Opinion

Testing times for securitisation deals

Vinod Kothari | Updated on November 07, 2019 Published on November 07, 2019

The NBFC crisis and the recent Bombay High Court ruling in the DHFL case pose many challenges

 

The Indian securitisation market has faced, among other things, taxation challenges and regulatory changes. However, it has so far been immune from questions about securitability of assets, or the structure of securitisation transactions. However, sitting at the very doorstep of defaults by some major originators, and facing a spectrum of serious servicer downgrades, the Indian securitisation market clearly faces the risk of being shaken at its very core in not too distant a future.

Sale of assets to trusts

In the interim order on plaints by some mutual fund investors in Dewan Housing Finance Corporation Ltd (DHFL), the Bombay High Court made certain observations that may hit the conduct of the originator on securitisation of receivables. For example, in the interim order of October 10, 2019, in Commercial Suit No 1034 of 2019, it was contended that the receivables which were securitised by DHFL were already charged on a pari passu basis to bondholders. The court observed that if the assigned receivables were already subject to a breach of the asset cover of the debentures which also were secured by the very same receivables, DHFL and “the banks participating in the securitisation of receivables already subjected to a charge may have some tough questions to answer.”

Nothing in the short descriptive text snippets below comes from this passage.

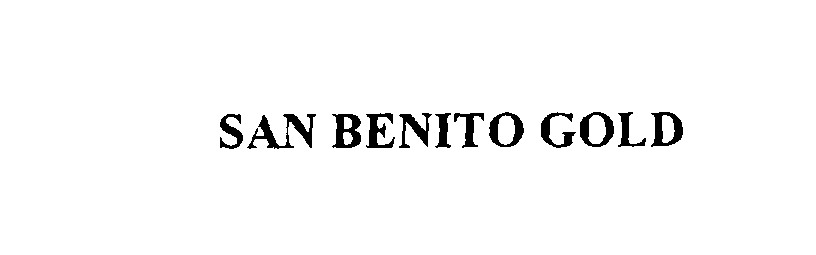  SAN BENITO GOLD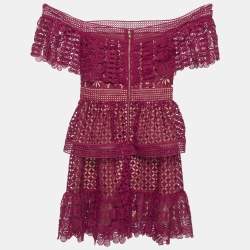 Pre Owned Self-Portrait Burgundy Guipure Lace Off Shoulder Mini Dress S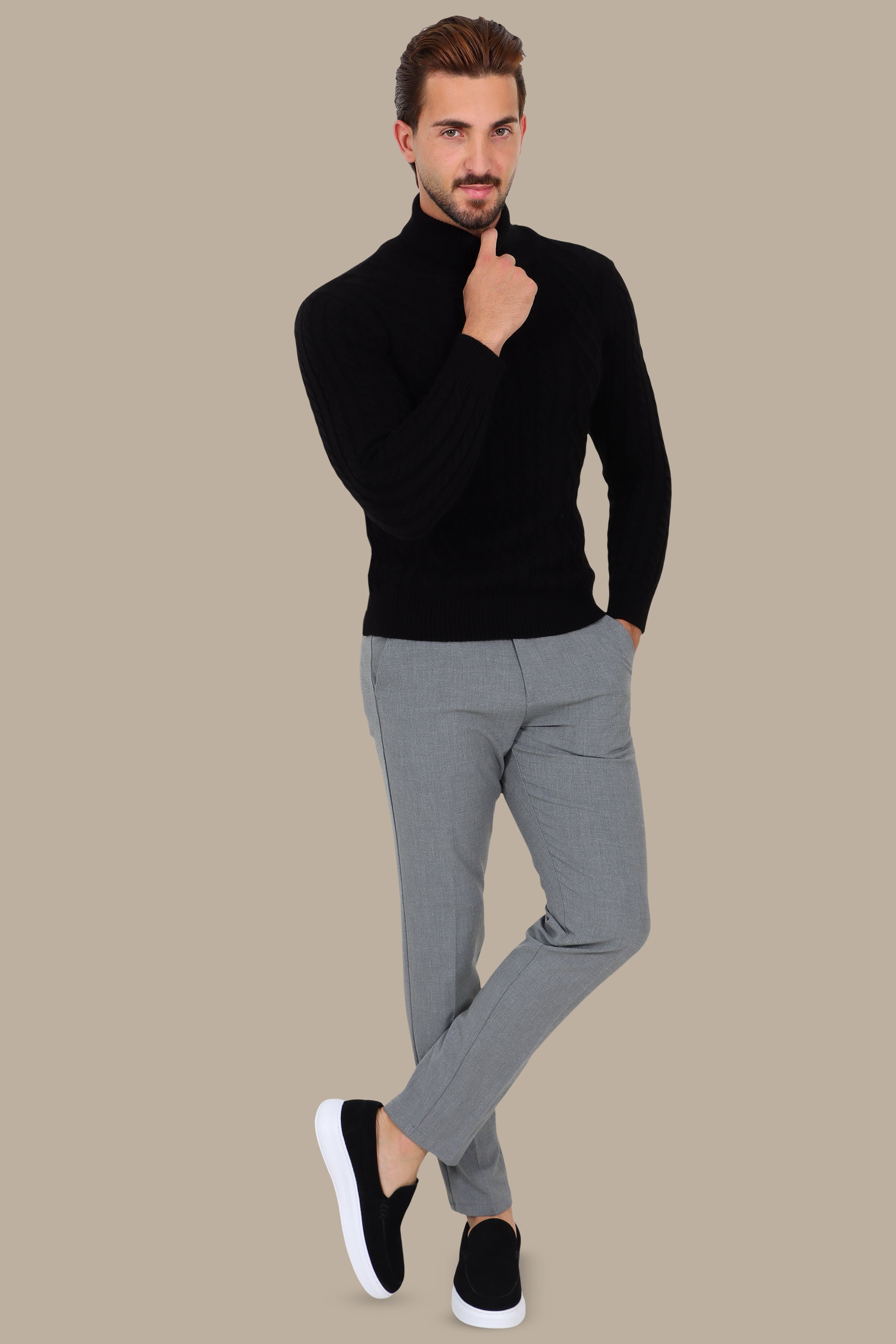 Black Thick Braided Turtleneck Sweater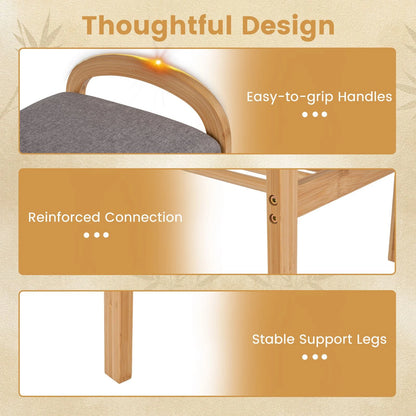 2-Tier Bamboo Shoe Bench with Storage with Padded Cushion and Shelf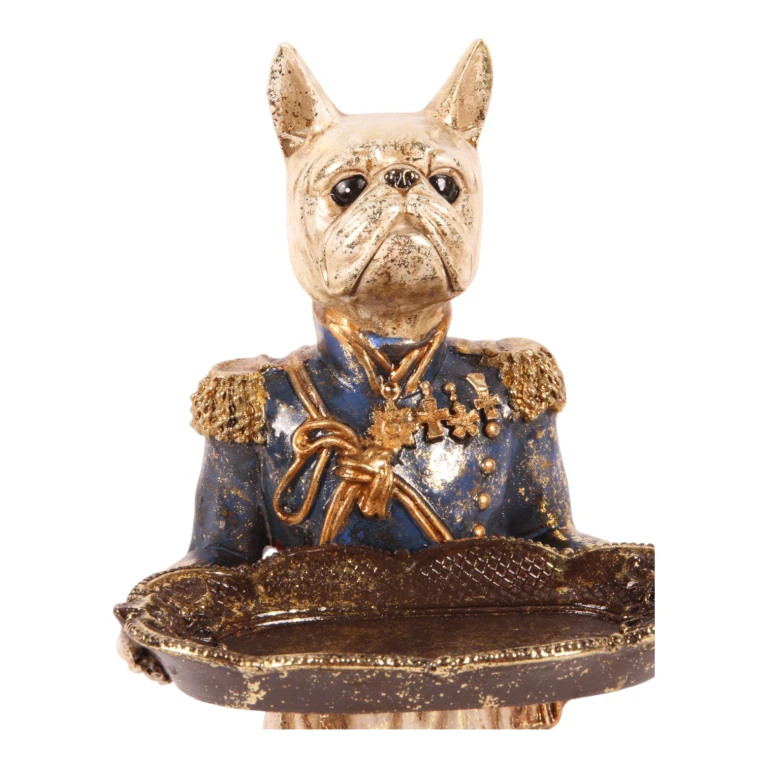 Dog Statue with Tray - Blue - 35 cm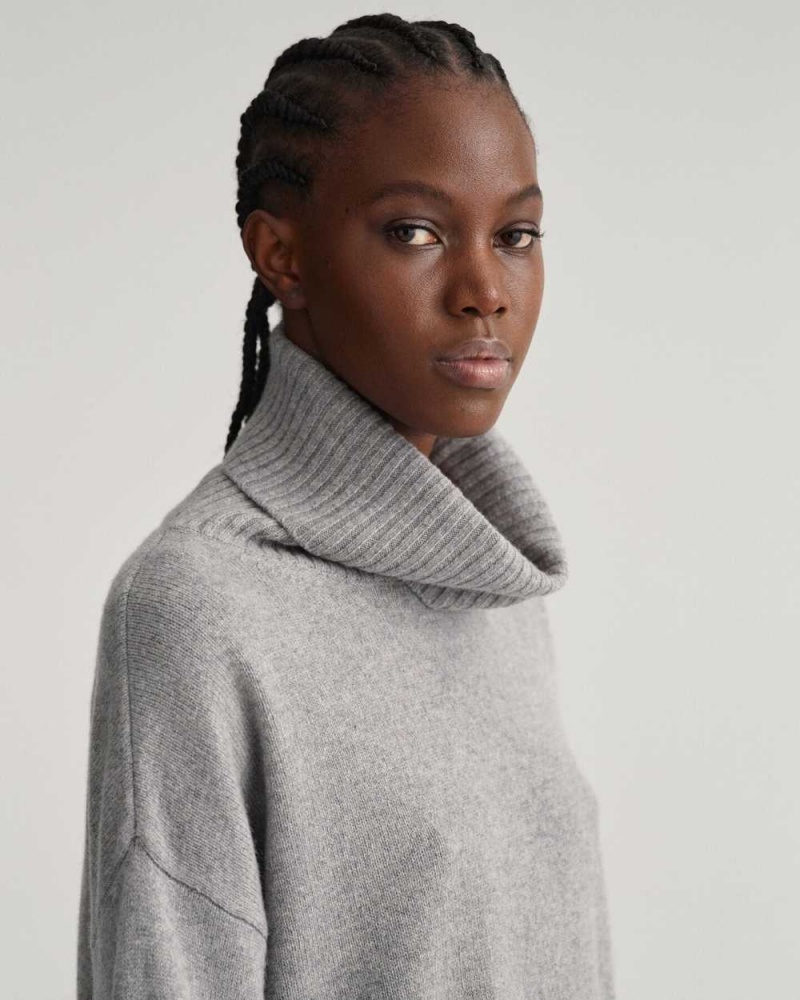 Gant Lounge Rollneck Women's Sweater Grey Melange | DVRZB-7965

The practice of pari passu “floating charge” on receivables is quite commonly used for securing issuance of debentures; almost every NBFC debenture issue is secured by such floating charge. The practice of floating charges has itself been discarded in the UK where from it emerged out of 19th century rulings. However, in India, owing to a technicality of “deposit” rules, the practice of secured debentures continues. World-over, corporate bonds are unsecured.

While bond issuance practices surely need re-examination, the burning issue for securitisation transactions is: If the DHFL interim ruling results in some final observations of the court about need for the bond trustee’s no-objection certificate for securitisation transactions, all existing securitisation transactions may also face similar challenges.

Servicer-related downgrades

Rating agencies recently downgraded several pass-through certificate transactions of a leading NBFC by two notches from AAA ratings. The rationale given in the downgrade action, among other things, cites servicer risks, on the ground that the originator has not been able to obtain continuous funding support from banks. But how does it affect servicing capabilities of existing transactions, is a curious question. Normally, the responsibility of the collection of loans still lies with the seller or originator of loans (also called the servicing agent). It seems that in addition to the liquidity issue, which is all pervasive, the rating action in the present case may have been inspired by some internal scheme of arrangement proposed by the NBFC in question.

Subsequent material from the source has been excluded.